Paul writes to his disciple and emissary Timothy, “Preach the word! Be ready in season and out of season.” (2 Timothy 4:2, NKJV) And the context, before and after, indicates that this concerns the right handling of the scriptures, the word of God, the Bible (such as he had at the time: today we have the completed canon). Timothy must handle it carefully, accurately, boldly, obediently, and as one who must give an account for his use of it to God.
The preacher’s task is like Timothy’s, and his responsibility is great. And the key to the task is the burden to make disciples, reproducing, as God enables by the Holy Spirit, people who will likewise take up some version of that burden of both being and making disciples of the Lord Jesus Christ, people who willingly trust Him and obediently follow Him, growing in grace and abounding in a Christlike life, confidently waiting for the ultimate fulfillment of their earthly journey, eternal life in the presence of their risen Lord and Savior.
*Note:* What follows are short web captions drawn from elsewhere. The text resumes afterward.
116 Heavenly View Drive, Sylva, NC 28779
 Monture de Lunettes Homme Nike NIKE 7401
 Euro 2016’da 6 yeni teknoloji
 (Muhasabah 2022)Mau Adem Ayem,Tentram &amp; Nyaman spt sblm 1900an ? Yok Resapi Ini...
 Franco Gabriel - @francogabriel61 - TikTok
And so the preacher first needs to be “ready in season and out of season” to walk out his responsibility in forwarding this great adventure, not only in his own life, but in that of those whose lives he touches, especially with the Word of God. His “pockets” are to be full of scriptural tools so that he can be continually ready for every contingency, both “always to give an answer to every man that asketh you a reason of the hope that is in you” (1 Peter 3:1, KJV), and to empower his hearers (or readers) to do the same. For his heart’s burden is to be able to agree with John when he writes, “I have no greater joy than to hear that my children walk in truth…” (3 John 4,KJV).
This portion of Grace Bible Fellowship’s blog will be dedicated to forwarding this walk of scriptural truth, both “in season and out of season”. Hopefully you will find something challenging, edifying, and relevant. God bless you as you walk with Him.